Multiple Trunk Strange Connection Issues - Frustration!

Hi All,

I would really appreciate if someone can help.

Im running FreePBX 2.10.1.9.

I have successfully configured, and tested 3 in/outbound trunks (via 3 providers) - Individually.

I have also ensured my firewall is open each of their IP addresses on 5060 and 10000-20000 for RTP.

And like I say, individually works fine.

However - as soon as i make all 3 active trunks (which Im using for failover)
weird things happen.

When I restart FreePBx and Firewall its sheer luck which trunks register and which trunks are available.

Most times there is at least one trunk UNREACHABLE, and very very seldom all work ok.

Im so frustrated. Ive gone back to the beginning multiple times, retracing my steps, checking firewall, NAT, ports etc. to no avail.

I just dont know what else to do.

I certainly will appreciate any help.

Kind regards
Jon

Shot in the dark. If allowguest=no change it to yes. Or maybe NAT issue. Do you have port 5058-5062 open UDP? Not just 5060.

Instead of opening up individual IP’s have you tried just directing everything on 5058-5062 to your internal server? What type of firewall are you using? Does it have SIP ALG enabled or something? Have you tried using a different firewall?

Thanks for the reply. I feel its a nat issue in my bones - but I cant seem to prove or disprove it.

I have ports 5060-70 open and open traffic to those ip’s as not to let anybody in our network. (i have tried it open too)

Its a Draytek 3300 Vigor. Looks beautiful, high end but is causing more problems than my shitty little net gear 54g.

No SIP ALG.

Its just so weird. Is reports it all working.
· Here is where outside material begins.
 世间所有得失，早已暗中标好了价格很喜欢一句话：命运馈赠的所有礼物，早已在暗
But randomly - doesnt. or randomly won’t get audio.

Ive got a pbx setup that I just dont trust.

Dont know where to go from here.

Thanks
Jon

The trick here is after all your “to no avail” steps fail, examine the underlying network you put in place,

from two separate ssh sessions, one from asterisk CLI

sip set debug ip (your target)
rtp set debug ip (your target)

this will give you a a raw network view of your SIP session as seen by your asterisk box, while you also from the other shell:-

tcpdump host (your target)

which will show you what is really happening. You should see packets on udp/5060 both ways as you try to make “contact” with your provider, if the Asterisk SIP conversation is one way, then correct your PNAT firewall.
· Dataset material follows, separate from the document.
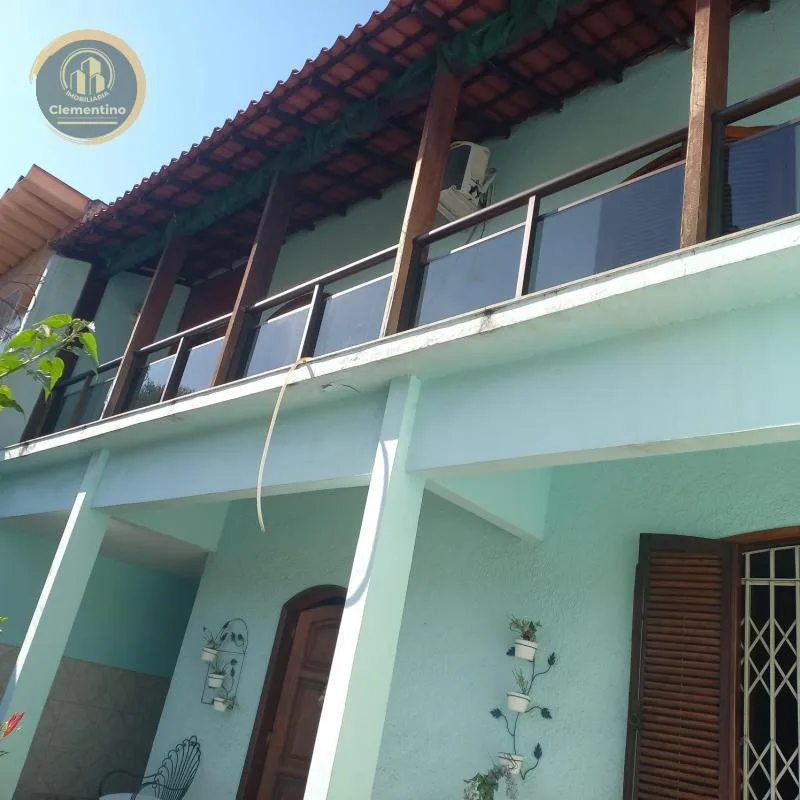 Jardim América - Casa Duplex com 4 Qtos, Suíte, 140m², Qto Externo, Garagem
once that is working then the rtp packets on some port within your /etc/asterisk/rtp.conf range, also bidirectional will be apparent, and not translated by your firewall.
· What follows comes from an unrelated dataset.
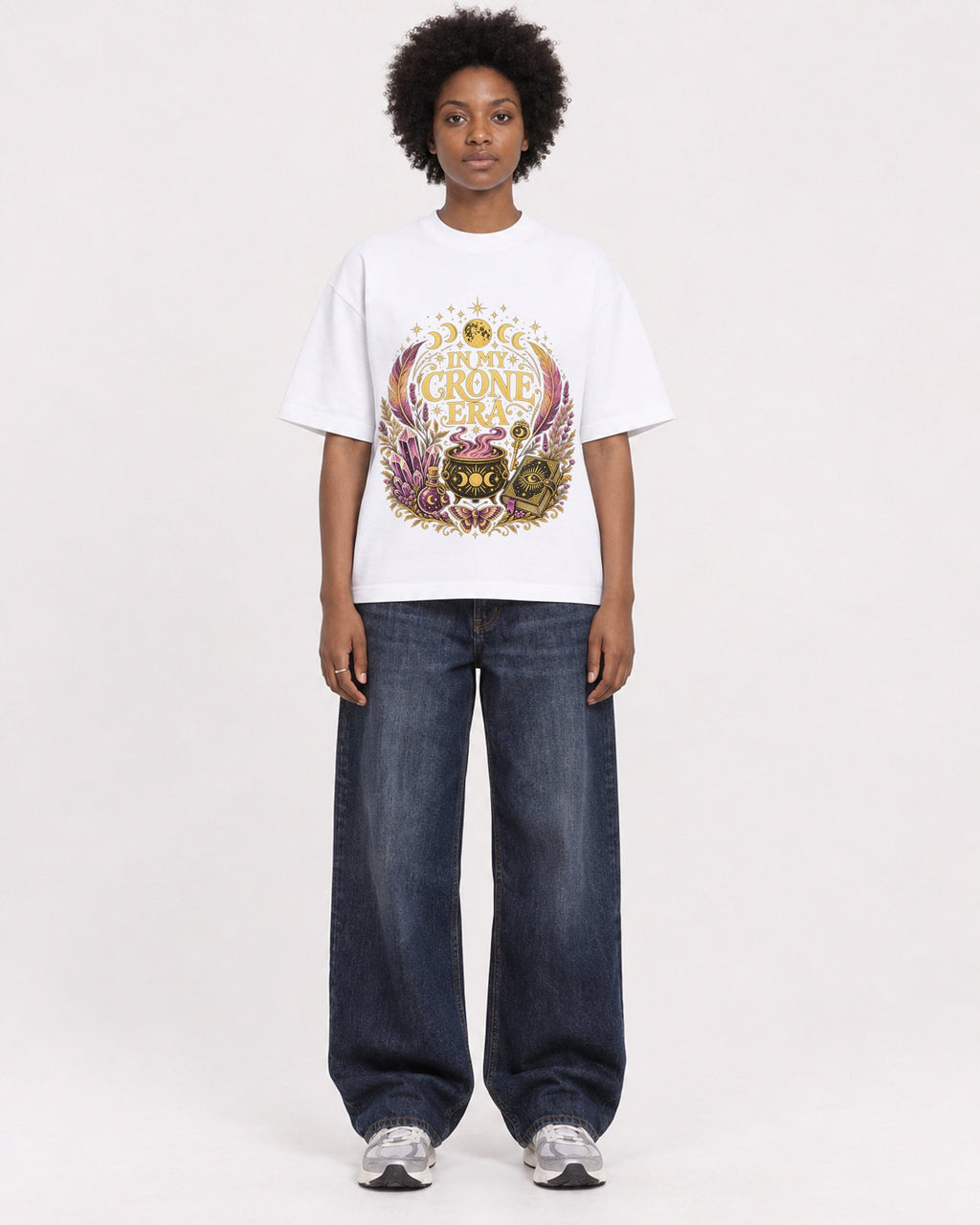 Mockup Boxy Heavyweight Tee White female full-body 14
When that traffic is seen both at the tcpdump level and the asterisk cli level, then it will work, if not, correct your PNAT firewall rules.

This all assumes that all your efforts to have Asterisk know about itself both locally and externally are correct as to your NAT settings, (you said they where)

If any of these sessions “time-out” then again fix your PNAT box to suit.